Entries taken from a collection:
----

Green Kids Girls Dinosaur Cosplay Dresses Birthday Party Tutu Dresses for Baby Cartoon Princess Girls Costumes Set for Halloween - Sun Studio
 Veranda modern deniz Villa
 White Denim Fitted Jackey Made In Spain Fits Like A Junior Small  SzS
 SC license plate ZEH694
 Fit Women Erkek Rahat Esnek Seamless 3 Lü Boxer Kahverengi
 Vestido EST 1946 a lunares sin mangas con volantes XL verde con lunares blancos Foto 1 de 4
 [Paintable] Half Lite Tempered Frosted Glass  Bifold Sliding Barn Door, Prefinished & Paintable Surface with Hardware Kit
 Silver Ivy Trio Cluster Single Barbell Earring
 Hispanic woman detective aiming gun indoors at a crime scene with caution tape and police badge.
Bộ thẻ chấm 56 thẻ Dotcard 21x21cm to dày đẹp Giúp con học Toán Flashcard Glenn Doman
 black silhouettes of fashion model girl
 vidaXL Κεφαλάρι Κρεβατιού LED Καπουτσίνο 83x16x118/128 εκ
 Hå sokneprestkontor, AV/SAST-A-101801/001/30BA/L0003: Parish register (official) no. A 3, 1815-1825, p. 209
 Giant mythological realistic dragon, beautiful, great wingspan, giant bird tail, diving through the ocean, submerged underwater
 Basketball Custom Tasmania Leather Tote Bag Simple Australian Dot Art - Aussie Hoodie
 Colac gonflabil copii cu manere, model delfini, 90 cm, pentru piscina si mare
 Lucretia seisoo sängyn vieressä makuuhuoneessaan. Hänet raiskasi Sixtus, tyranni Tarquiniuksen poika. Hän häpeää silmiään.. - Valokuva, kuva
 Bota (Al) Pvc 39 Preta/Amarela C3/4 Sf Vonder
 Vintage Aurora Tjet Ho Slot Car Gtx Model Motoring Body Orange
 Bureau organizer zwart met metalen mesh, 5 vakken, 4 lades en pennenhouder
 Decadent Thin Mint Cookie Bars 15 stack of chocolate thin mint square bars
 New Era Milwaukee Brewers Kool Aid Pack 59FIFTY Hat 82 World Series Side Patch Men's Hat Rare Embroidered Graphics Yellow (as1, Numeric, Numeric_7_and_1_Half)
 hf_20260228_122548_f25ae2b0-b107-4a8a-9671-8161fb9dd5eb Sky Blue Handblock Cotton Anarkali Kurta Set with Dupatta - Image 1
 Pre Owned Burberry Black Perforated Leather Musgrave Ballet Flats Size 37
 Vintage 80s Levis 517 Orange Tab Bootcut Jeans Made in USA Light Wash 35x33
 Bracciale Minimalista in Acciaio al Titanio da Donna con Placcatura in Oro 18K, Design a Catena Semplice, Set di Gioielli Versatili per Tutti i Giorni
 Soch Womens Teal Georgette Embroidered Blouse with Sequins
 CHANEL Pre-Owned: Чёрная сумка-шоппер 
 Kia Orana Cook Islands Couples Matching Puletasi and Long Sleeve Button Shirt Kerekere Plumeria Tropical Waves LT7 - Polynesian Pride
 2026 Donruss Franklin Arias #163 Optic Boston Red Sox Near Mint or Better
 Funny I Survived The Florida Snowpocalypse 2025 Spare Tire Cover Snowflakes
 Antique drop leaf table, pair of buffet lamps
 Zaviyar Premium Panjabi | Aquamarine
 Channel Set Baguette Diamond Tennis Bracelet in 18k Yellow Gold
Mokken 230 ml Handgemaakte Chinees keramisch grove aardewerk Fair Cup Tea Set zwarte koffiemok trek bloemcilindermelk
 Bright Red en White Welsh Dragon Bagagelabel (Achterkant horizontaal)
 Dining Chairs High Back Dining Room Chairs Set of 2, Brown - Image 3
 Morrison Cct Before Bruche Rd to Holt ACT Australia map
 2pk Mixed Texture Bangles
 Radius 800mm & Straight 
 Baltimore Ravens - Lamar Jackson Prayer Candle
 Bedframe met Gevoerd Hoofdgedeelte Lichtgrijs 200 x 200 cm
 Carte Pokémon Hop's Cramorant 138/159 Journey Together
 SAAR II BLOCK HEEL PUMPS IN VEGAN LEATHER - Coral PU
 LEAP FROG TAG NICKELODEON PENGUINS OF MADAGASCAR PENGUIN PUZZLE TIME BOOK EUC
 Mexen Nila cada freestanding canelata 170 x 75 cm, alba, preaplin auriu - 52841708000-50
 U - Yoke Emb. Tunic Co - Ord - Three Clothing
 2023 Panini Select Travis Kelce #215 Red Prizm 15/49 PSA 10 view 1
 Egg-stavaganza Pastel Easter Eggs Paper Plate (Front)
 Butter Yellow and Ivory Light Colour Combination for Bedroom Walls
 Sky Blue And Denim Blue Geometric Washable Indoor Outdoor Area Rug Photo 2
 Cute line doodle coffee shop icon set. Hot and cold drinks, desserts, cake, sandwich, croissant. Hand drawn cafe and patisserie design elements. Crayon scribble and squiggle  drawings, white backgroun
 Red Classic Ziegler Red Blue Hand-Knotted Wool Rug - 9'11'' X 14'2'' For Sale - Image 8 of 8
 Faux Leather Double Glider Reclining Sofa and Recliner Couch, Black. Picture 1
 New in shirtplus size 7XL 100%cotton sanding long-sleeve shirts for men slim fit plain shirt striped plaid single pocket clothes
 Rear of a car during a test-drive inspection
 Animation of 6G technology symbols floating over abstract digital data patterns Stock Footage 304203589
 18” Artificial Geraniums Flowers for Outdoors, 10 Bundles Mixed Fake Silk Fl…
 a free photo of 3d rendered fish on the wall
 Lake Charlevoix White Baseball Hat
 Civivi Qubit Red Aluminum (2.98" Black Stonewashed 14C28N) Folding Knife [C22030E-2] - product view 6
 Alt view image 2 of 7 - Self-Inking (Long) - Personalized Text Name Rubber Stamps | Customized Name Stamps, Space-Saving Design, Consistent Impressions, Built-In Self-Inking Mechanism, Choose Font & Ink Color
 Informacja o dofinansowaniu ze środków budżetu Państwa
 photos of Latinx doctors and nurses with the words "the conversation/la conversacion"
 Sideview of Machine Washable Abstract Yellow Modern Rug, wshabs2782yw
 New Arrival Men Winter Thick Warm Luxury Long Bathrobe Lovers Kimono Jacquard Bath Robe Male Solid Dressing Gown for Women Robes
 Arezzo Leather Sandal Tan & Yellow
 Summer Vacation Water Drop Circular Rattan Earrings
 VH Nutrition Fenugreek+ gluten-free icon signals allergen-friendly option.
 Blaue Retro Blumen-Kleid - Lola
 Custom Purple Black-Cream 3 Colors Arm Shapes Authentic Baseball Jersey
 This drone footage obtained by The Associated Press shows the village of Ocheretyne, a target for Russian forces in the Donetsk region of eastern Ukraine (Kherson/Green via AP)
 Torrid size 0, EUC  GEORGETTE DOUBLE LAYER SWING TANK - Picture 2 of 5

----

Each entry in the data must be copied exactly.

= Exercise output =
Green Kids Girls Dinosaur Cosplay Dresses Birthday Party Tutu Dresses for Baby Cartoon Princess Girls Costumes Set for Halloween - Sun Studio
 Veranda modern deniz Villa
 White Denim Fitted Jackey Made In Spain Fits Like A Junior Small  SzS
 SC license plate ZEH694
 Fit Women Erkek Rahat Esnek Seamless 3 Lü Boxer Kahverengi
 Vestido EST 1946 a lunares sin mangas con volantes XL verde con lunares blancos Foto 1 de 4
 [Paintable] Half Lite Tempered Frosted Glass  Bifold Sliding Barn Door, Prefinished & Paintable Surface with Hardware Kit
 Silver Ivy Trio Cluster Single Barbell Earring
 Hispanic woman detective aiming gun indoors at a crime scene with caution tape and police badge.
Bộ thẻ chấm 56 thẻ Dotcard 21x21cm to dày đẹp Giúp con học Toán Flashcard Glenn Doman
 black silhouettes of fashion model girl
 vidaXL Κεφαλάρι Κρεβατιού LED Καπουτσίνο 83x16x118/128 εκ
 Hå sokneprestkontor, AV/SAST-A-101801/001/30BA/L0003: Parish register (official) no. A 3, 1815-1825, p. 209
 Giant mythological realistic dragon, beautiful, great wingspan, giant bird tail, diving through the ocean, submerged underwater
 Basketball Custom Tasmania Leather Tote Bag Simple Australian Dot Art - Aussie Hoodie
 Colac gonflabil copii cu manere, model delfini, 90 cm, pentru piscina si mare
 Lucretia seisoo sängyn vieressä makuuhuoneessaan. Hänet raiskasi Sixtus, tyranni Tarquiniuksen poika. Hän häpeää silmiään.. - Valokuva, kuva
 Bota (Al) Pvc 39 Preta/Amarela C3/4 Sf Vonder
 Vintage Aurora Tjet Ho Slot Car Gtx Model Motoring Body Orange
 Bureau organizer zwart met metalen mesh, 5 vakken, 4 lades en pennenhouder
 Decadent Thin Mint Cookie Bars 15 stack of chocolate thin mint square bars
 New Era Milwaukee Brewers Kool Aid Pack 59FIFTY Hat 82 World Series Side Patch Men's Hat Rare Embroidered Graphics Yellow (as1, Numeric, Numeric_7_and_1_Half)
 hf_20260228_122548_f25ae2b0-b107-4a8a-9671-8161fb9dd5eb Sky Blue Handblock Cotton Anarkali Kurta Set with Dupatta - Image 1
 Pre Owned Burberry Black Perforated Leather Musgrave Ballet Flats Size 37
 Vintage 80s Levis 517 Orange Tab Bootcut Jeans Made in USA Light Wash 35x33
 Bracciale Minimalista in Acciaio al Titanio da Donna con Placcatura in Oro 18K, Design a Catena Semplice, Set di Gioielli Versatili per Tutti i Giorni
 Soch Womens Teal Georgette Embroidered Blouse with Sequins
 CHANEL Pre-Owned: Чёрная сумка-шоппер 
 Kia Orana Cook Islands Couples Matching Puletasi and Long Sleeve Button Shirt Kerekere Plumeria Tropical Waves LT7 - Polynesian Pride
 2026 Donruss Franklin Arias #163 Optic Boston Red Sox Near Mint or Better
 Funny I Survived The Florida Snowpocalypse 2025 Spare Tire Cover Snowflakes
 Antique drop leaf table, pair of buffet lamps
 Zaviyar Premium Panjabi | Aquamarine
 Channel Set Baguette Diamond Tennis Bracelet in 18k Yellow Gold
Mokken 230 ml Handgemaakte Chinees keramisch grove aardewerk Fair Cup Tea Set zwarte koffiemok trek bloemcilindermelk
 Bright Red en White Welsh Dragon Bagagelabel (Achterkant horizontaal)
 Dining Chairs High Back Dining Room Chairs Set of 2, Brown - Image 3
 Morrison Cct Before Bruche Rd to Holt ACT Australia map
 2pk Mixed Texture Bangles
 Radius 800mm & Straight 
 Baltimore Ravens - Lamar Jackson Prayer Candle
 Bedframe met Gevoerd Hoofdgedeelte Lichtgrijs 200 x 200 cm
 Carte Pokémon Hop's Cramorant 138/159 Journey Together
 SAAR II BLOCK HEEL PUMPS IN VEGAN LEATHER - Coral PU
 LEAP FROG TAG NICKELODEON PENGUINS OF MADAGASCAR PENGUIN PUZZLE TIME BOOK EUC
 Mexen Nila cada freestanding canelata 170 x 75 cm, alba, preaplin auriu - 52841708000-50
 U - Yoke Emb. Tunic Co - Ord - Three Clothing
 2023 Panini Select Travis Kelce #215 Red Prizm 15/49 PSA 10 view 1
 Egg-stavaganza Pastel Easter Eggs Paper Plate (Front)
 Butter Yellow and Ivory Light Colour Combination for Bedroom Walls
 Sky Blue And Denim Blue Geometric Washable Indoor Outdoor Area Rug Photo 2
 Cute line doodle coffee shop icon set. Hot and cold drinks, desserts, cake, sandwich, croissant. Hand drawn cafe and patisserie design elements. Crayon scribble and squiggle  drawings, white backgroun
 Red Classic Ziegler Red Blue Hand-Knotted Wool Rug - 9'11'' X 14'2'' For Sale - Image 8 of 8
 Faux Leather Double Glider Reclining Sofa and Recliner Couch, Black. Picture 1
 New in shirtplus size 7XL 100%cotton sanding long-sleeve shirts for men slim fit plain shirt striped plaid single pocket clothes
 Rear of a car during a test-drive inspection
 Animation of 6G technology symbols floating over abstract digital data patterns Stock Footage 304203589
 18” Artificial Geraniums Flowers for Outdoors, 10 Bundles Mixed Fake Silk Fl…
 a free photo of 3d rendered fish on the wall
 Lake Charlevoix White Baseball Hat
 Civivi Qubit Red Aluminum (2.98" Black Stonewashed 14C28N) Folding Knife [C22030E-2] - product view 6
 Alt view image 2 of 7 - Self-Inking (Long) - Personalized Text Name Rubber Stamps | Customized Name Stamps, Space-Saving Design, Consistent Impressions, Built-In Self-Inking Mechanism, Choose Font & Ink Color
 Informacja o dofinansowaniu ze środków budżetu Państwa
 photos of Latinx doctors and nurses with the words "the conversation/la conversacion"
 Sideview of Machine Washable Abstract Yellow Modern Rug, wshabs2782yw
 New Arrival Men Winter Thick Warm Luxury Long Bathrobe Lovers Kimono Jacquard Bath Robe Male Solid Dressing Gown for Women Robes
 Arezzo Leather Sandal Tan & Yellow
 Summer Vacation Water Drop Circular Rattan Earrings
 VH Nutrition Fenugreek+ gluten-free icon signals allergen-friendly option.
 Blaue Retro Blumen-Kleid - Lola
 Custom Purple Black-Cream 3 Colors Arm Shapes Authentic Baseball Jersey
 This drone footage obtained by The Associated Press shows the village of Ocheretyne, a target for Russian forces in the Donetsk region of eastern Ukraine (Kherson/Green via AP)
 Torrid size 0, EUC  GEORGETTE DOUBLE LAYER SWING TANK - Picture 2 of 5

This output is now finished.